# VR6 Custom Eaton M62 Setup



## Fsmith010 (Aug 26, 2001)

Anyone installed a roots supercharger on a vr6? I've seen Eaton M62's for sale on Ebay for a couple hundred bucks. They come off of Buicks and Pontiac Bonevilles(sp?-heh) I was thinking maybe you could throw a system together for $700 or less. Thoughts?
-Thanks


----------



## Primos90Sport (Jan 4, 2002)

*Re: VR6 Custom Eaton M62 Setup (Fsmith010)*

I'm installing this supercharger on my 1995 Audi 90 sport. My engine is a V6 12V, I can answer some of your questions. I'm having an intake manifold custom fabricated for me. Depending on your TB location, you could try running a pipe into the back of it, with a "sidewinder" application. Look around at the supercharged subarus, this is how they do things. I was considering this for a while. Where is the TB on a VR6? Is it like the sciroccos on the hose, or like my Audi on the back of the intake manifold? 
Primo
P.S. Picture(s) of your engine would help....and as for fueling, I'm going with an Apexi S-AFC


----------



## Fsmith010 (Aug 26, 2001)

*Re: VR6 Custom Eaton M62 Setup (Primos90Sport)*

You thinking about an intercooler? I was thinking of having the super down low to hook up to the intercooler. Filter-charger-cooler in a short distance. There isn't alot of room up top. Most vr6 kits are centrifual chargers and most higher up.
How much your manifold costing?
-Thanks


----------



## Fsmith010 (Aug 26, 2001)

*Re: VR6 Custom Eaton M62 Setup (Fsmith010)*

There is a guy with a Audi 90 2.8 12v that turbocharged it. I read he makes 240hp w/ 4psi or something. Completely custom of couse. 270hp w/8lbs.
-late


----------



## SSj4G60 (Aug 13, 2001)

*Re: VR6 Custom Eaton M62 Setup (Fsmith010)*

i think someguy did but hes not on the tex someone posted a link to his site


----------



## Captain Jack (Mar 2, 2002)

*Re: VR6 Custom Eaton M62 Setup (SSj4G60)*

I know what you are talking about, it was on a Rabbit, he made it AWD and SC it. 
The thing was making INSANE hp, I cant remember exactly but I think it was lke 400+.


----------



## SSj4G60 (Aug 13, 2001)

*Re: VR6 Custom Eaton M62 Setup (St_Racer_X)*

no it wasnt in a rabbit or AWD , i know who you mean he is a texer and is now going turbo


----------



## Fsmith010 (Aug 26, 2001)

*Re: VR6 Custom Eaton M62 Setup (SSj4G60)*

Do you know who he is? He's running an Eaton M62 on a VR6? I'd be interested to talk to him.
-Thanks


[Modified by Fsmith010, 6:11 AM 3-23-2002]


----------



## joeZX6 (Feb 5, 2001)

*Re: VR6 Custom Eaton M62 Setup (Fsmith010)*

i have some pics of the eaton m62 installed on a vr6 want me to post them?


----------



## Fsmith010 (Aug 26, 2001)

*Re: VR6 Custom Eaton M62 Setup (joeZX6)*

YES!!!








That would be excellent!


----------



## joeZX6 (Feb 5, 2001)

*Re: VR6 Custom Eaton M62 Setup (Fsmith010)*

here ya go


----------



## XSiVE (Nov 1, 2000)

*Re: VR6 Custom Eaton M62 Setup (joeZX6)*

quote:[HR][/HR]here ya go







[HR][/HR]​that looks like fun


----------



## samrabbit (Feb 18, 2002)

*Re: VR6 Custom Eaton M62 Setup (Fsmith010)*

why don't you just get an M90. the 62 is a tad small for that. it will run much better all through the rpm. put a wastegate on the intake side, and adjust to your boost level of fun.

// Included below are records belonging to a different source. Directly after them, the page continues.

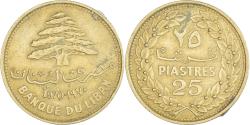 World Coins - Coin, Lebanon, 25 Piastres, 1970
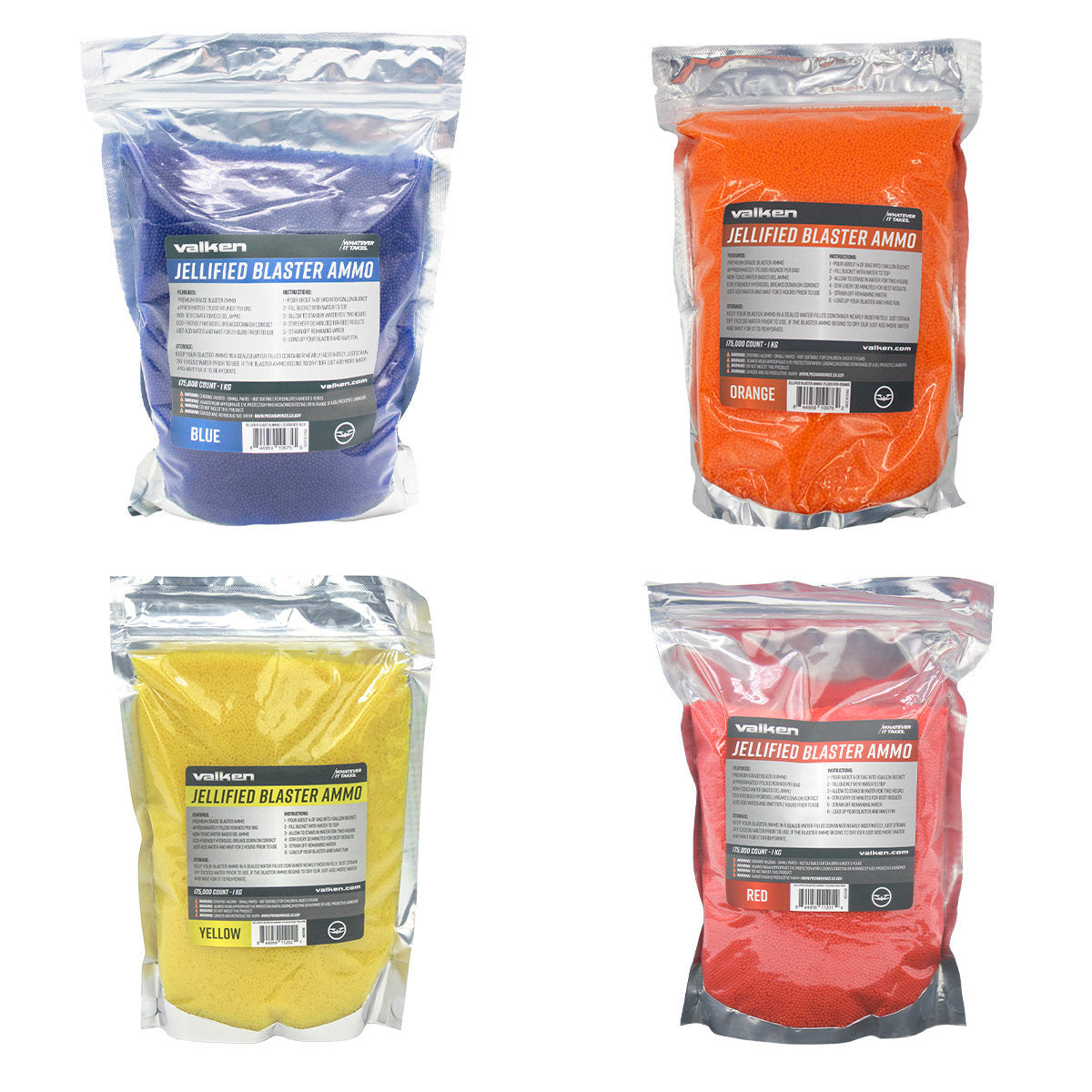 Valken Gel Blaster Ammo / Gellets - 175,000 Rounds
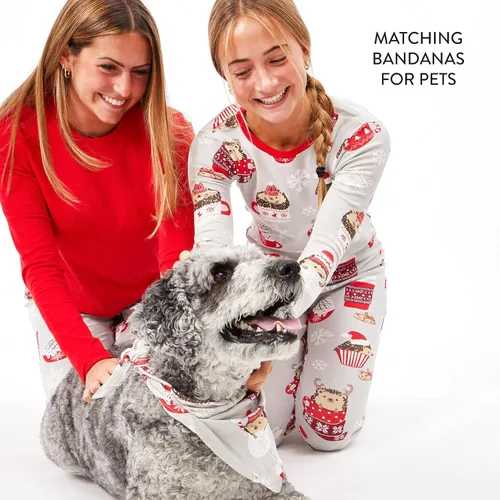 Vista 6 de HonestBaby - Pijama familiar navideña de algodón orgánico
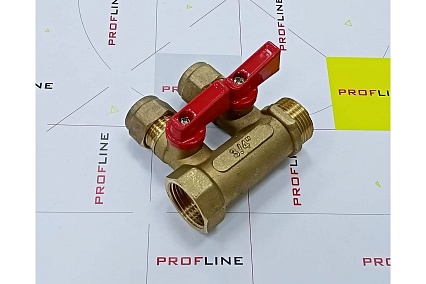 Коллектор для м/п труб PROFLINE 3/4x3/4x16x2 вых с кранами УТ-00036224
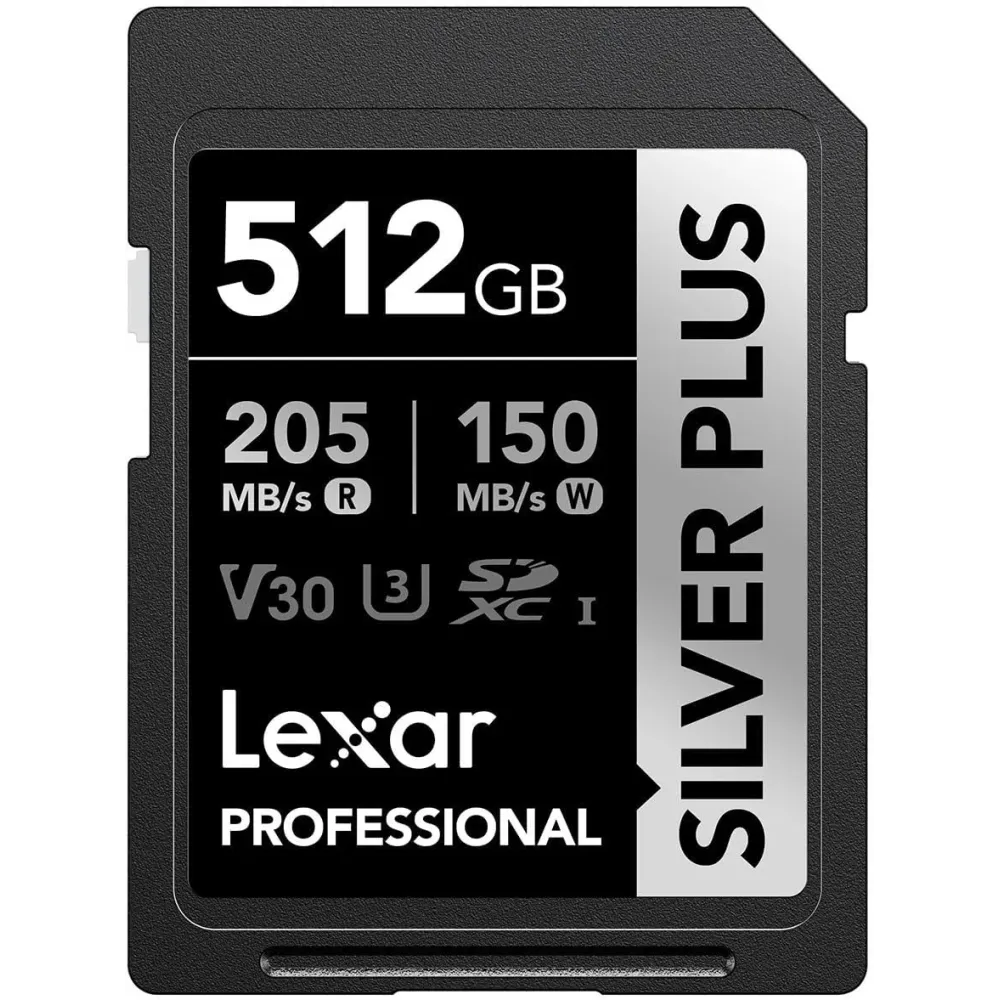 Lexar Silver Plus 512 GB SDXC Memory Card
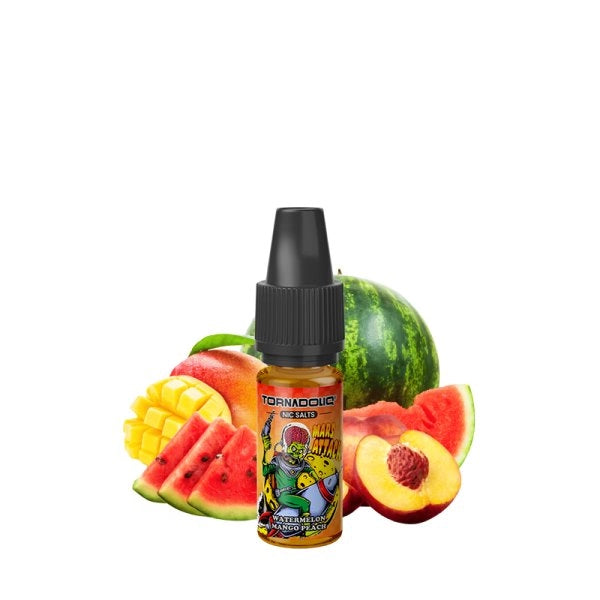 Tornadoliq Watermelon Mango Peach Nic Salts 10mL - 20mg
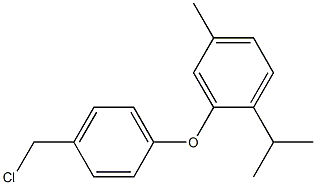 2-[4-(chloromethyl)phenoxy]-4-methyl-1-(propan-2-yl)benzene Struktur
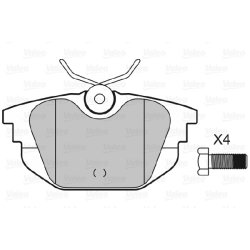 Jeu de plaquettes de frein VALEO 598331 pour ALFA ROMEO, FIAT, LANCIA OE 71770989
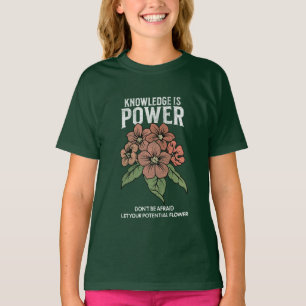 Camiseta deixe seu potencial florescer amante de flores vin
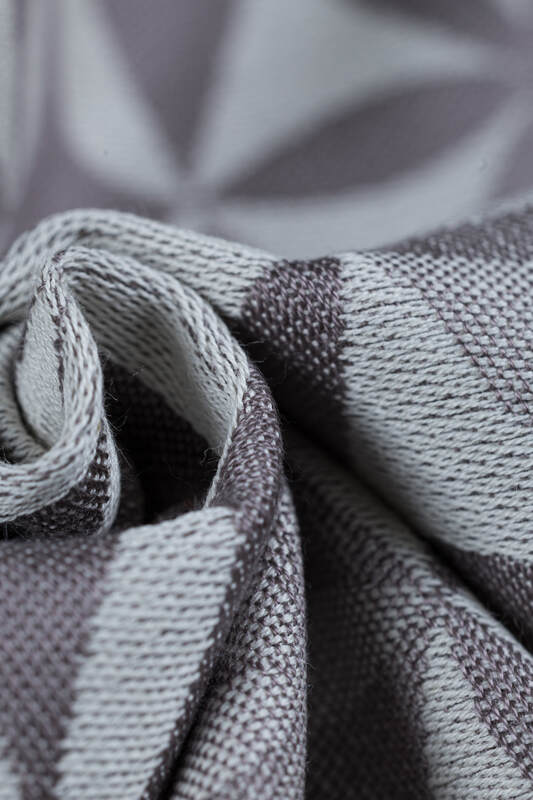 Baby Wrap, Jacquard Weave (55% cotton, 45% TENCEL™ Lyocell) - HEXAFLOWERS - MIRROR (grade B) - Woven Baby Size - M   long_woven_wraps    #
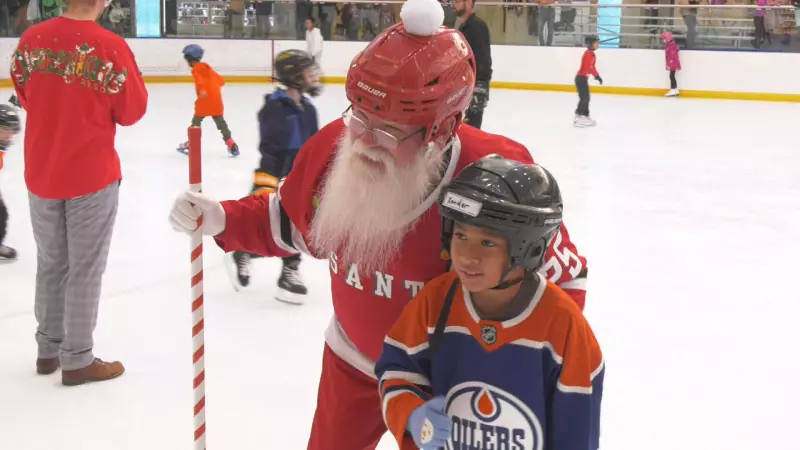 Santa Arrives at West Edmonton Mall with Festive Skate Event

the same amount of work goes into making either, so get the bigger one, in case you want some big boost numbers in the future. hehehe.


----------



## Fsmith010 (Aug 26, 2001)

*Re: VR6 Custom Eaton M62 Setup (samrabbit)*

The eaton site says a M62 is for 2.0-4.0 liters. What would be a safe amount of boost to run w/o changing compression or having an intercooler?
I was thinking about an intercooler, but that setup style doesn't look like it could accomidate an intercooler very well.


----------



## Blitzkrieg (Mar 19, 2000)

*Re: VR6 Custom Eaton M62 Setup (Fsmith010)*

Didn't New Dimensions try to come-out with an Eaton supercharger kit for the VR6 a few years back and never did?


----------



## SCVR6 (Dec 13, 2000)

*Re: VR6 Custom Eaton M62 Setup (Blitzkrieg)*

quote:[HR][/HR]Didn't New Dimensions try to come-out with an Eaton supercharger kit for the VR6 a few years back and never did?[HR][/HR]​They are still trying to sell a old kit they have. The thing used to eat up belts I hear and there is no chip for it either. You would need to have something made since it will be producing more HP down low than a Vortech or Z. You might be getting into alot $$$ to do this with no backup support. Just by a kit that you know will work and it warranteed.


----------



## samrabbit (Feb 18, 2002)

*Re: VR6 Custom Eaton M62 Setup (Fsmith010)*

you need to lower that compression and get an intercooler in there to make all you can out of that car.
for stock compression ratio, you still need an intercooler. its a must have item to stop knock.
assuming you got some additional fueling of sorts, you can run 6-10 lbs of boost with stock comp and intercooling. 
keep in mind that the eaton literature assumes you got a bigger crank pulley too. all vws have small crank pullesy, so you can size the bigger blower to make more bottom end boost.
set up a wastegate on the intake side, and set the amount of boost you have with the blower.
and it would be nice not to mount the blower on top of the hot exhaust.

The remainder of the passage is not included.